[WHAT IS EXPECTED]:
Reproduce the data below word for word, setting aside any picture it holds.
===== DATA LISTING
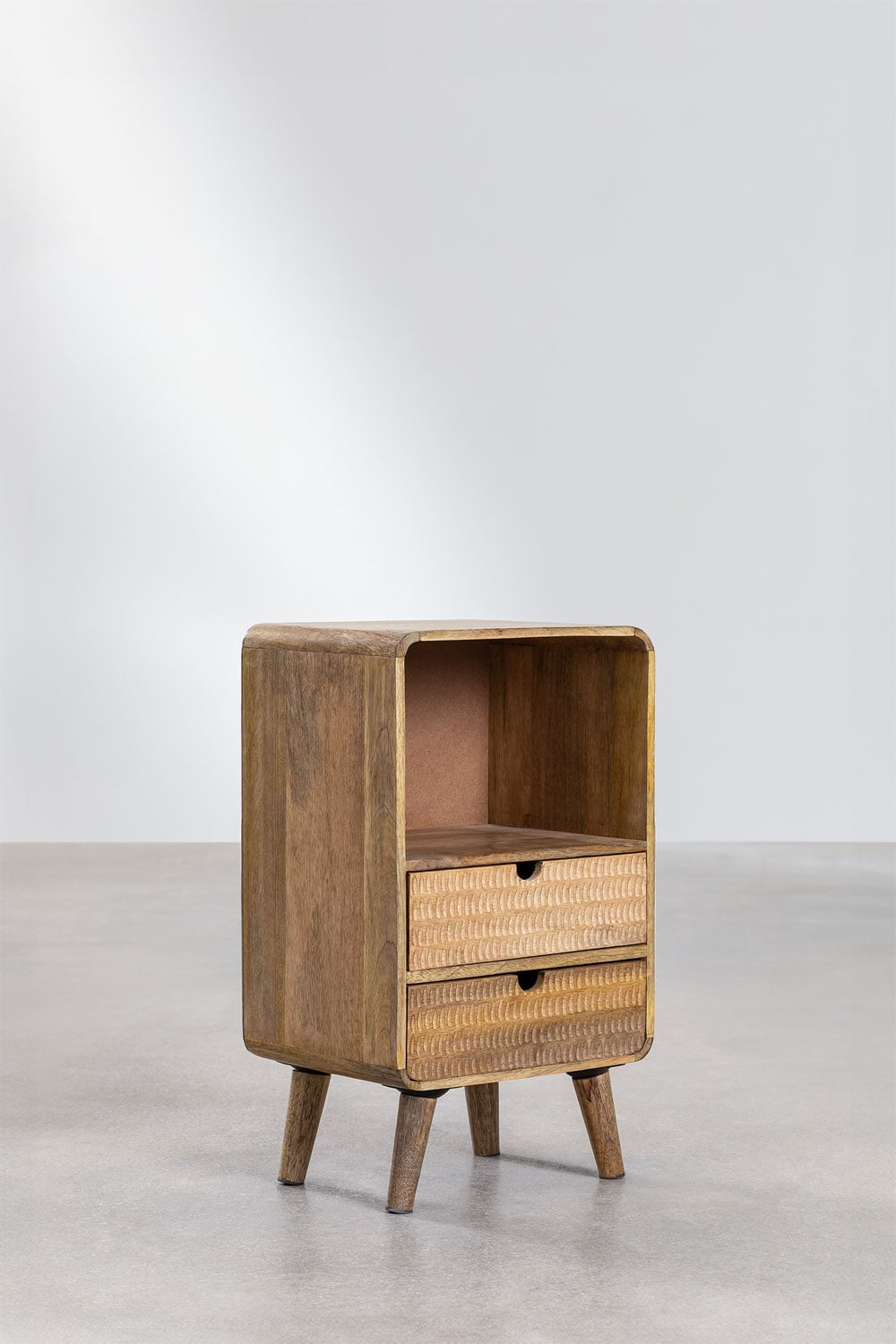 Pack of 2 rectangular nightstands 30x25 cm in Yulara mango wood, gallery image 2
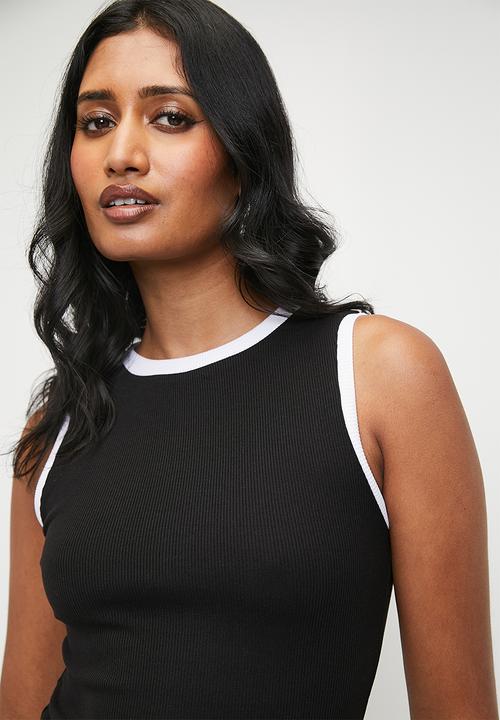 Superbalist - Tipping boat neck neck vest - black & white tapping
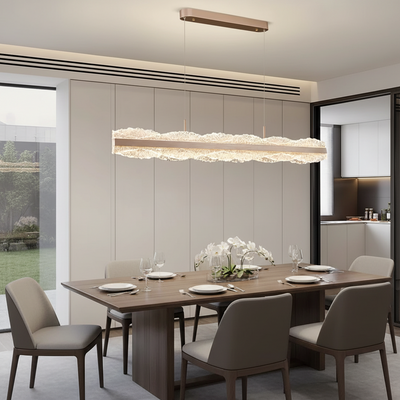 Lustre LED suspendu avec télécommande NIVALIS 55W, Longueur 120cm, Lumière Froide/Chaude/Neutre, Dimmable, Hauteur Réglable, Doré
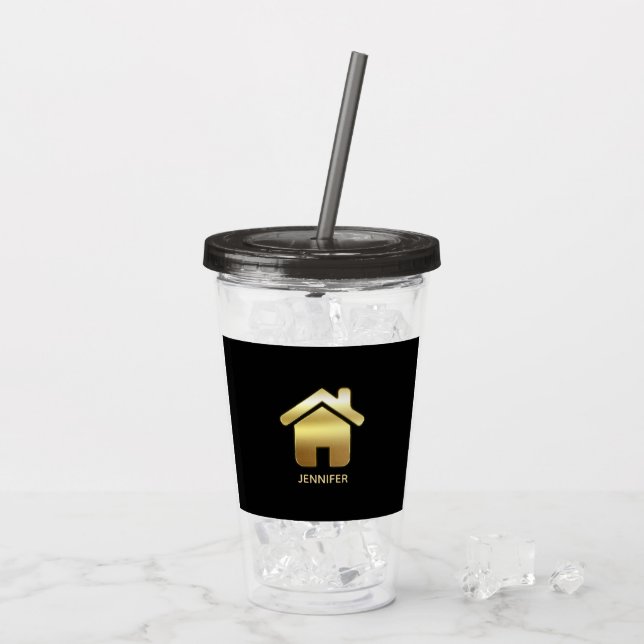Verre En Acrylique Elegant Gold House Symbole Real Estate Design (Dos glace)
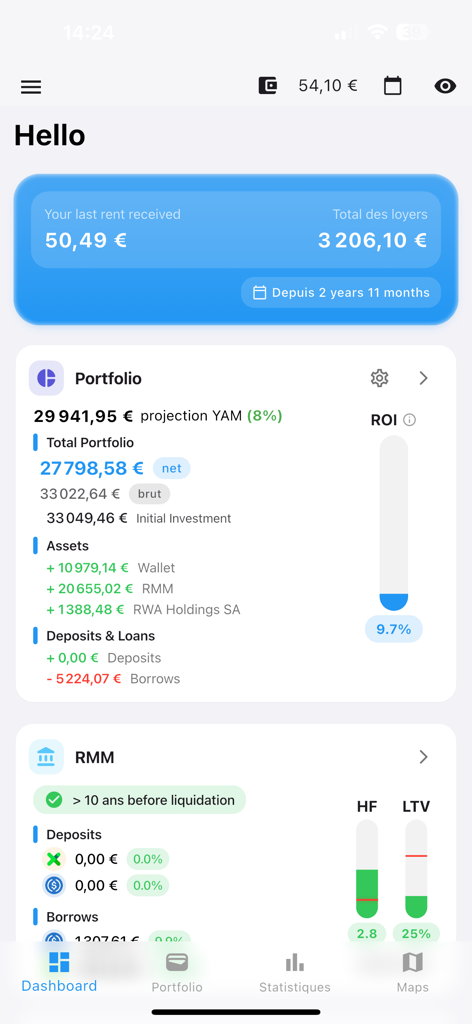 RealToken Asset Tracker - Mobile app dashboard for tracking tokenized real estate investments and rental income
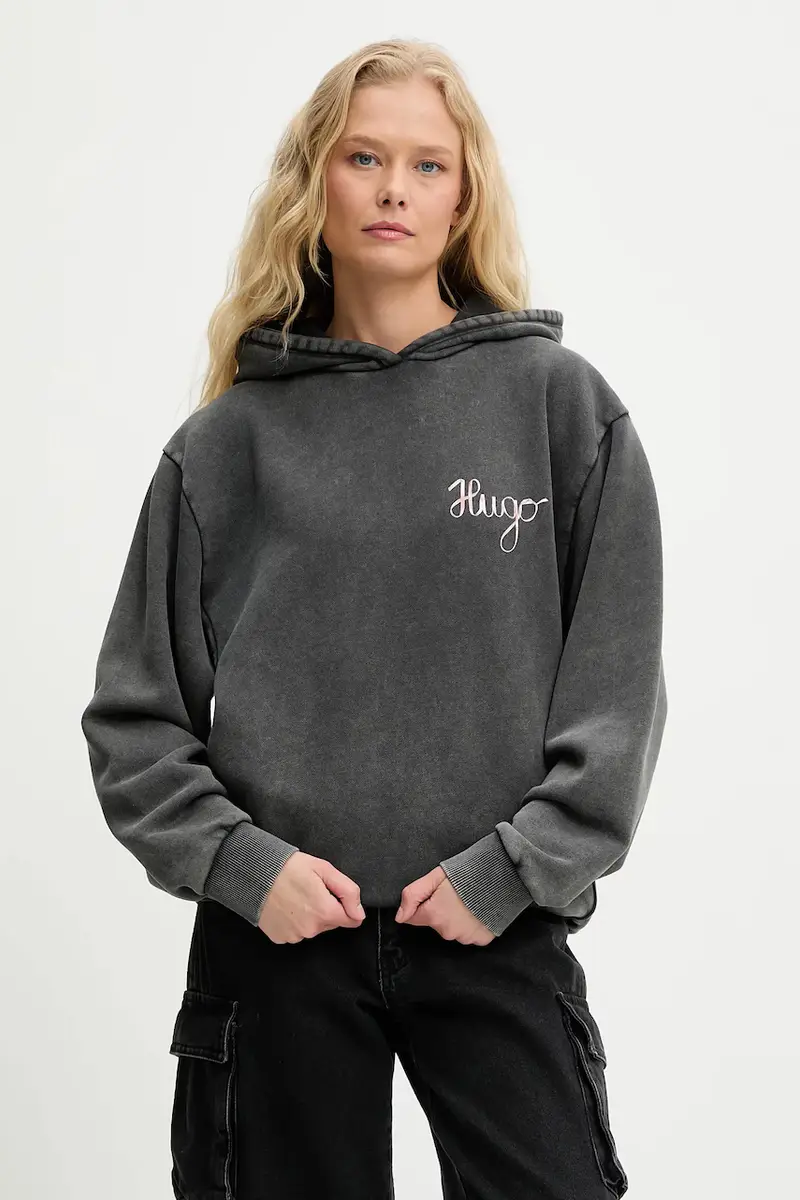 felpa in cotone donna colore grigio con cappuccio 50544870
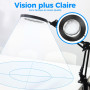 Loupe avec éclairage Et Support, Loupe LED 10x avec Pince, Loupe de Table, 3 Modes de Couleur Et Intensité Lumineuse Réglable, I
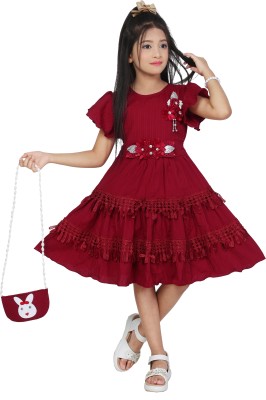 Litikit Fashion Girls Midi/Knee Length Party Dress(Maroon, Fashion Sleeve)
==========
[RESPONSE TO THIS EXERCISE]:
 Pack of 2 rectangular nightstands 30x25 cm in Yulara mango wood, gallery image 2
 Superbalist - Tipping boat neck neck vest - black & white tapping
 Lustre LED suspendu avec télécommande NIVALIS 55W, Longueur 120cm, Lumière Froide/Chaude/Neutre, Dimmable, Hauteur Réglable, Doré
Verre En Acrylique Elegant Gold House Symbole Real Estate Design (Dos glace)
 RealToken Asset Tracker - Mobile app dashboard for tracking tokenized real estate investments and rental income
 felpa in cotone donna colore grigio con cappuccio 50544870
 Loupe avec éclairage Et Support, Loupe LED 10x avec Pince, Loupe de Table, 3 Modes de Couleur Et Intensité Lumineuse Réglable, I
 Litikit Fashion Girls Midi/Knee Length Party Dress(Maroon, Fashion Sleeve)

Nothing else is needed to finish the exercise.